Following Prof. van der Meer’s presentation, Mr Rinni Romme (MBORaad) gave an overview of the lessons drawn from the pandemic on the future of VET. In the light of the digital revolution, Mr Romme called the relevant stakeholders in VET to set a common vision for online learning. Such a vision needs to acknowledge the potential of digitalization, since according to a study conducted in the Netherlands, 60% of the students approved it and many felt much more heard by their teachers. Nevertheless, it needs to be effectively redesigned, for instance regarding the assessment, timetable and flexibility since it seems that many students tend to struggle with self-regulation. Subsequently, Ms Tanya Jones from the Irish Education and Training Board (ETBI) introduced the participants to the further education and training (FET) situation in Ireland and provided concrete examples on how apprentices are supported. The Irish national FET strategy focus on three core pillars, namely inclusion, skills building, and pathways. Transformative learning is developed by allowing every individual on a lifelong basis to achieve personal development and fulfilment, accompanied by a range of supports reflecting the diverse based of leaners. To support apprentices, in particular with low literacy and numeracy skills, ETBI launched the craft apprenticeship proposal procedure with a five steps approach.

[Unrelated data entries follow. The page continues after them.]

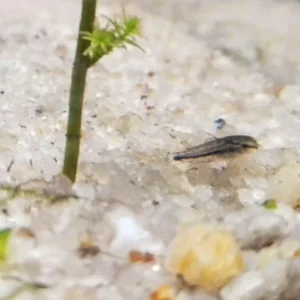 Pigmy Çöpçü 2 Cm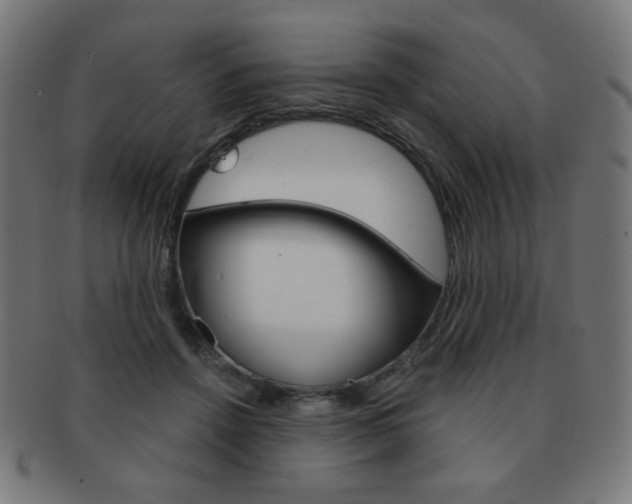 X0000092010456200709061312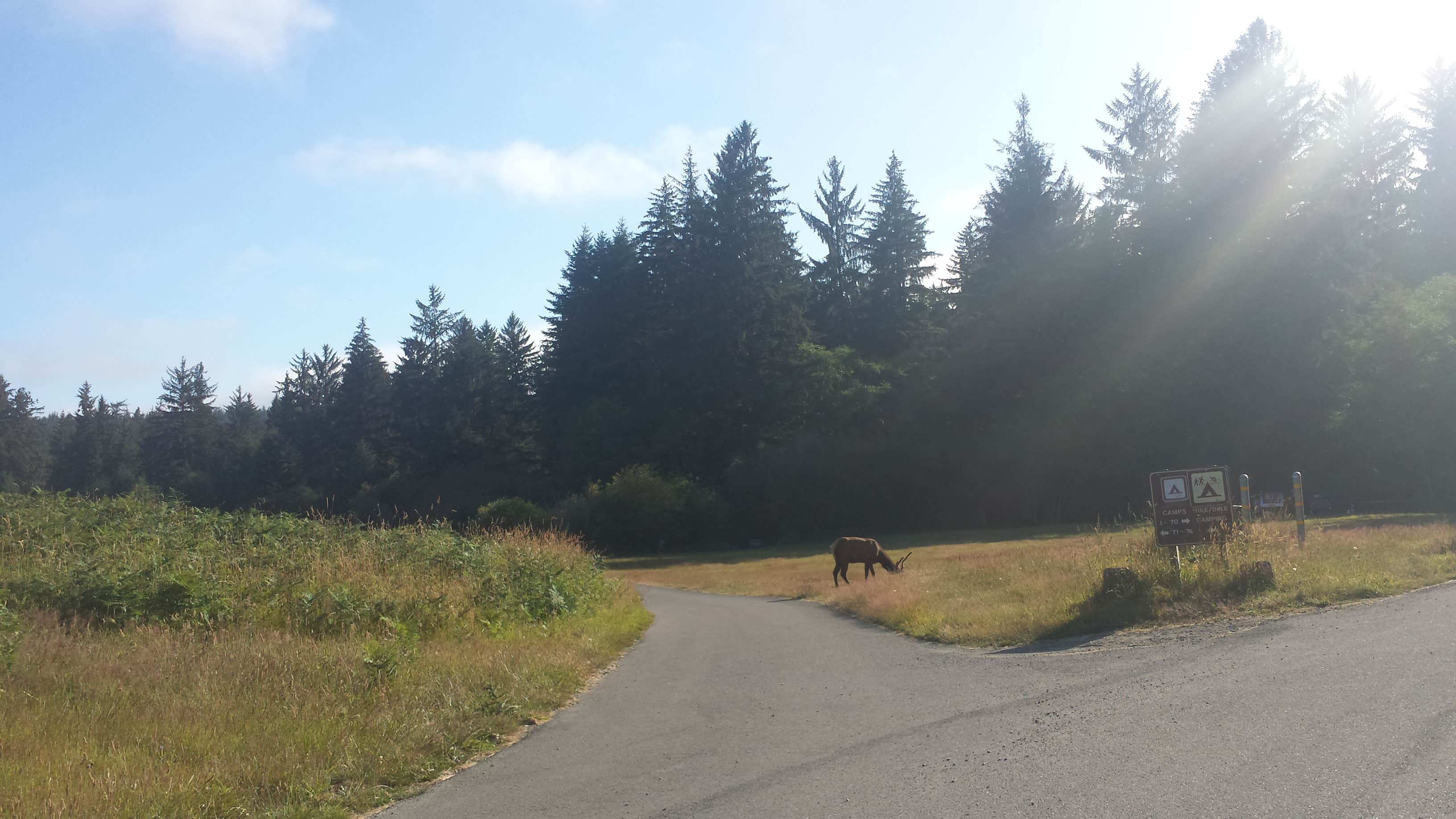 Camper submitted image from Elk Prairie Campground — Prairie Creek Redwoods State Park - 4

The meeting closed with two good practices presentations, first by Mr Filip Vanden Berghe (ACV-CSC, Belgium) and second by Mr Aidan Kenny (TUI, Ireland). Mr Vanden Berghe highlighted three main challenges faced by lifelong learning from the Flemish perspective: (1) the demographic fault line, which implies to include more people into the workforce; (2) the sociological fault line that doesn’t include a lifelong learning culture; and (3) the disruption in VET skills, stressing out the tension between education and formation system, especially on the pedagogical approaches and the great influence of the economy in the shaping of education policy in Flanders. Mr Kenny’s presentation covered the “quality apprenticeships within a Lifelong Learning framework”. He noted that in Ireland, the competent bodies are the state agencies and organisation, involving the Trade Union, the government, national board and bodies in apprenticeship and offering the following standards: employment contract, law protection, an agreed rate of pay, 4 years duration, apprenticeship registration status and national level EQF 5. He highlighted that although the Covid-19 has been a disruptor for the practical workshops and for apprenticeships in general, the growing opportunities for the field at the EU level, such as the Just Transitions funds, Industry 4.0, the European Education Area allowing mobility and recognition and the launch of Know Hub project within the Erasmus plus programme.
The next peer learning activity within the “Lifelong learning for all” project will be held on 23 March 2021 from Finland.